Une erreur fréquente con­siste à croire que le comp­tage des dif­férents types d’usagers en divers lieux de la ville per­met de déter­min­er les parts modales. Si, par exem­ple, on voit dans les rues 1,5 fois plus de scoot­ers et de motos que de cyclistes (comme c’était le cas en 2019 à Paris), on ne peut pas en déduire que les déplace­ments en deux-roues motorisé sont 50 % plus nom­breux qu’à vélo, car il faut tenir compte des dis­tances par­cou­rues. Or, un usager en deux-roues motorisé faisant des dis­tances à peu près dou­bles qu’un cycliste, il est deux fois plus vis­i­ble. Dans notre exem­ple, les parts modales sont donc, en réal­ité, invers­es : les déplace­ments à vélo sont 50 % plus nom­breux qu’en deux-roues motorisé. À Paris, motards et scootéristes se croient encore majori­taires, alors qu’ils sont déjà devenus minori­taires depuis 2010.

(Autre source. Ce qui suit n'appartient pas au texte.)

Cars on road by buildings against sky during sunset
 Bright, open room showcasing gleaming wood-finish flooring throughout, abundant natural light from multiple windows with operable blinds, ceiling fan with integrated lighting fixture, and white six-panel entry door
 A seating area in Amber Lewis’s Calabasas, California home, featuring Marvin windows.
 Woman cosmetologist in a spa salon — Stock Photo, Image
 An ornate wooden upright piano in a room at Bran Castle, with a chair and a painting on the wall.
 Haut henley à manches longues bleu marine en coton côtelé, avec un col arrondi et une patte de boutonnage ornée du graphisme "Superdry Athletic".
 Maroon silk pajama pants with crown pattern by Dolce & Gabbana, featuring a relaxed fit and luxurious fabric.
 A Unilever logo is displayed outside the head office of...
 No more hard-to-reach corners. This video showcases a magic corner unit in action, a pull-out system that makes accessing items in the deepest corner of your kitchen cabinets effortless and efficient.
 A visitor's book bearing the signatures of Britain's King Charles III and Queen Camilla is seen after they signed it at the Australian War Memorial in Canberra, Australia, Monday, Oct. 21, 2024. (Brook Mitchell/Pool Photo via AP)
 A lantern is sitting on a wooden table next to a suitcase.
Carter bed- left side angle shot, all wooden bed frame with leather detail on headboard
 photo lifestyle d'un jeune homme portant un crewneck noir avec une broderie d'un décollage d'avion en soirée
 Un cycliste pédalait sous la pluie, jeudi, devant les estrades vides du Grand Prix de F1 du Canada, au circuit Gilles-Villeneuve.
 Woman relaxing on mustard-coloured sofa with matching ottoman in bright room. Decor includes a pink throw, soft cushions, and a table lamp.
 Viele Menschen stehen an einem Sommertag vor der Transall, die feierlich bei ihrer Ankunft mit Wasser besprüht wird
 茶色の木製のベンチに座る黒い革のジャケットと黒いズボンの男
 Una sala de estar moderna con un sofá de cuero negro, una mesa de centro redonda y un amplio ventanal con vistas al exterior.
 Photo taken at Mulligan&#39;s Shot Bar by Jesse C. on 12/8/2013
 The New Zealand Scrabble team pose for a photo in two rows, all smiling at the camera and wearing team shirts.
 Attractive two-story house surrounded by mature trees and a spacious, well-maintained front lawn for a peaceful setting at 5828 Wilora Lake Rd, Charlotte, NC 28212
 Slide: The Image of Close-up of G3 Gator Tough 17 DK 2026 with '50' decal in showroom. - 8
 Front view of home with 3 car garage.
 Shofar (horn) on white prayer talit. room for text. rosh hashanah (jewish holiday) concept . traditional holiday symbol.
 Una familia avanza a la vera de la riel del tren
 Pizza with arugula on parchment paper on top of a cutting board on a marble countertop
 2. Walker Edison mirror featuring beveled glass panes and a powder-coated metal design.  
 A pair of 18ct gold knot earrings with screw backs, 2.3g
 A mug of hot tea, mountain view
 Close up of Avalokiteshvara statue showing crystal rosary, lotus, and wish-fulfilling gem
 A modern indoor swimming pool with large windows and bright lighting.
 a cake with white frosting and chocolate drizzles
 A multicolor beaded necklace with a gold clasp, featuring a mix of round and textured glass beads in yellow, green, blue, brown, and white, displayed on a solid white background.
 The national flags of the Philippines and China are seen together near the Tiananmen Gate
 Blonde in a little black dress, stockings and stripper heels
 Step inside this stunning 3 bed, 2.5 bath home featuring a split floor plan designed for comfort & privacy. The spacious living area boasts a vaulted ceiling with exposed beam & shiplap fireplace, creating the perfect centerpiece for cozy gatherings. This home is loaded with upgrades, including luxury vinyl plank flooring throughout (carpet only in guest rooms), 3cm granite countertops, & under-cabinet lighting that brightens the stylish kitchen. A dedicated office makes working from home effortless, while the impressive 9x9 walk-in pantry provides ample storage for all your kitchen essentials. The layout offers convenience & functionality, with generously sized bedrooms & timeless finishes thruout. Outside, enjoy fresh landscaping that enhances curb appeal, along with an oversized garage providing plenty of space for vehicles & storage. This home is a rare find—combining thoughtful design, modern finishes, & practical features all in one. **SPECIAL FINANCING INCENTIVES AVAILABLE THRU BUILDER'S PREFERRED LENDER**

Le phénomène est encore plus mar­qué quand on com­pare auto­mo­bilistes et pié­tons. Ces derniers sont peu vis­i­bles dans la rue, notam­ment parce qu’ils par­courent de faibles dis­tances, mais les déplace­ments à pied sont sou­vent bien plus nom­breux que les déplace­ments en voiture dans les cen­tres-villes.

Bref, les sta­tis­tiques nous roulent par­fois, mais nous aident aus­si à rouler plus intel­ligem­ment.